(Records from a collection)
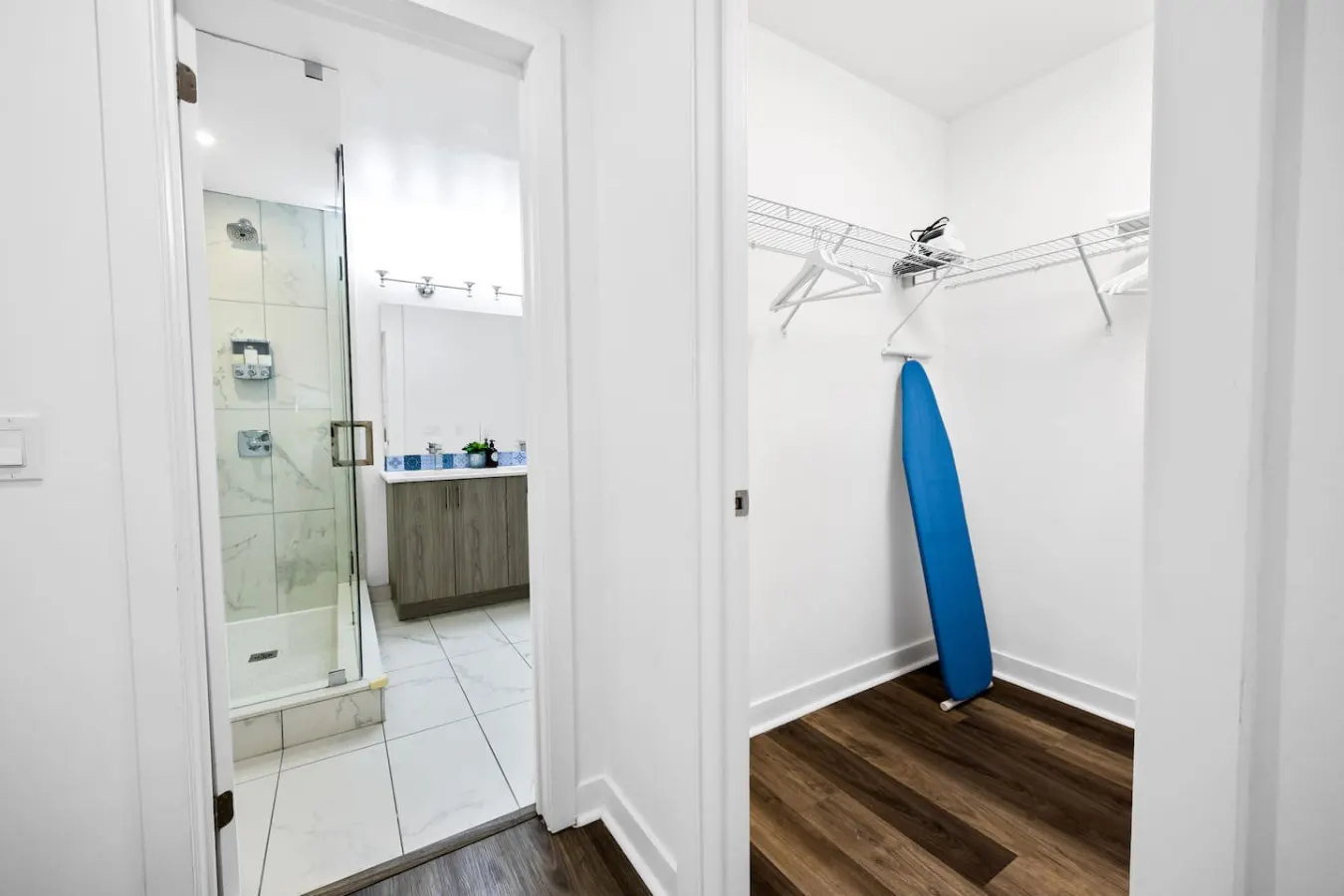 The Finch Luxe Nest Townhouse with Free Parking 20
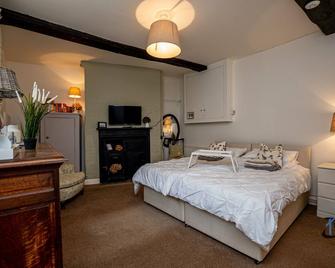 The Old Plough, mix of 1 bed and 3 bed units, rustic charm, super king bed or twins, en-suite, secure parking - Corby - Bedroom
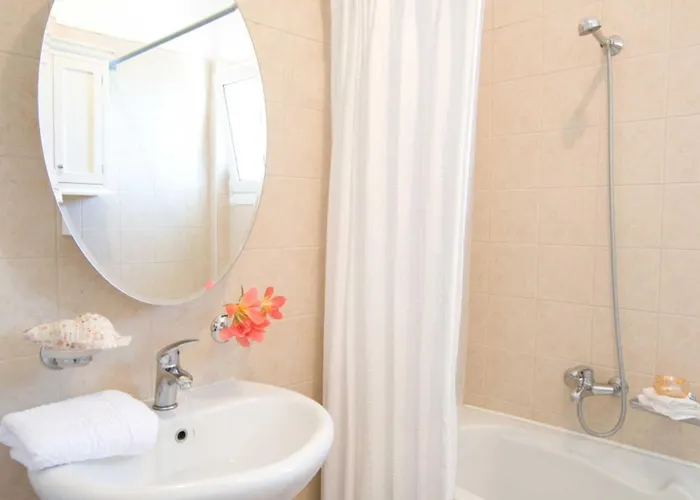 Luna Nydri (Lefkada)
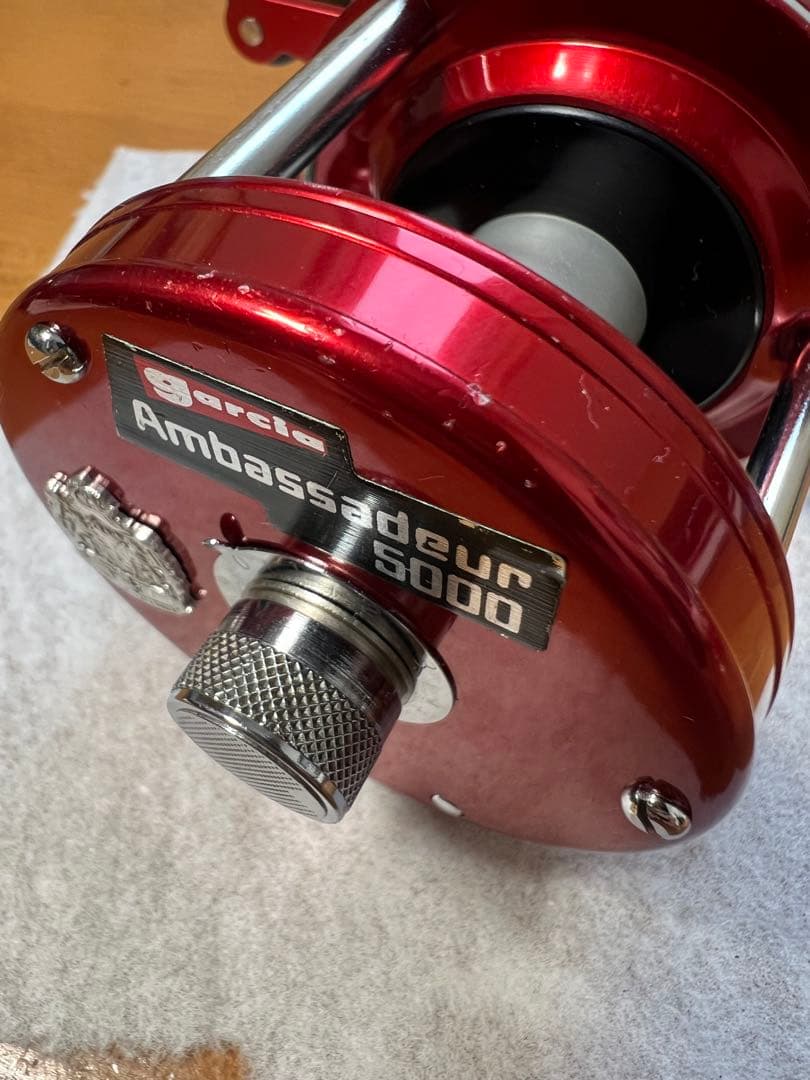 Ambassadeur 5000 アブガルシア　赤ナベ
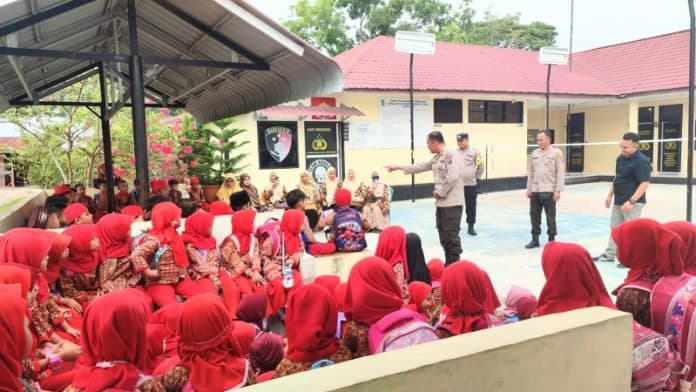 biasakan_tertib_berlalu_lintas_ini_pesan_kapolsek_labuhan_ruku_ke_anak_tk_al_quran_karimah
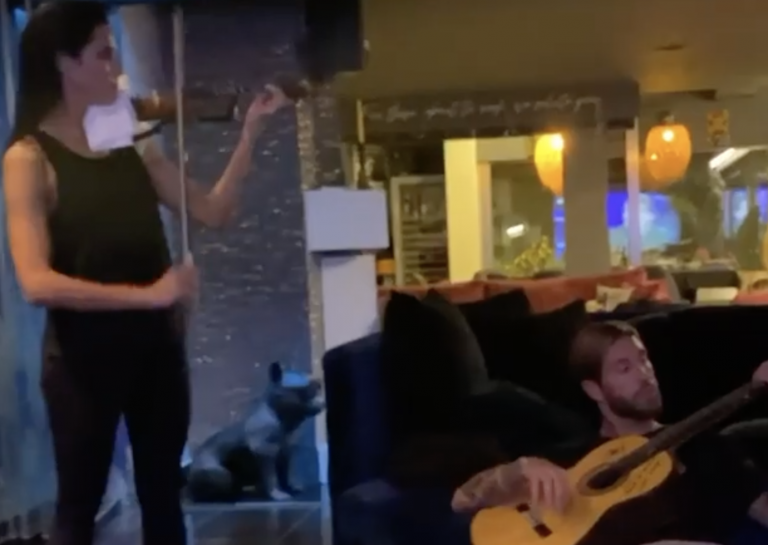 Él a la guitarra y ella al violín: Ramos y Pilar Rubio tocan juntos 'Fiesta  Pagana'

(Aim of the exercise): The copy must start at the line containing "Ambassadeur 5000 アブガルシア　赤ナベ" and end at the last line of the records, matching each line exactly and holding no pictures.

(Response):
 Ambassadeur 5000 アブガルシア　赤ナベ
 biasakan_tertib_berlalu_lintas_ini_pesan_kapolsek_labuhan_ruku_ke_anak_tk_al_quran_karimah
 Él a la guitarra y ella al violín: Ramos y Pilar Rubio tocan juntos 'Fiesta  Pagana'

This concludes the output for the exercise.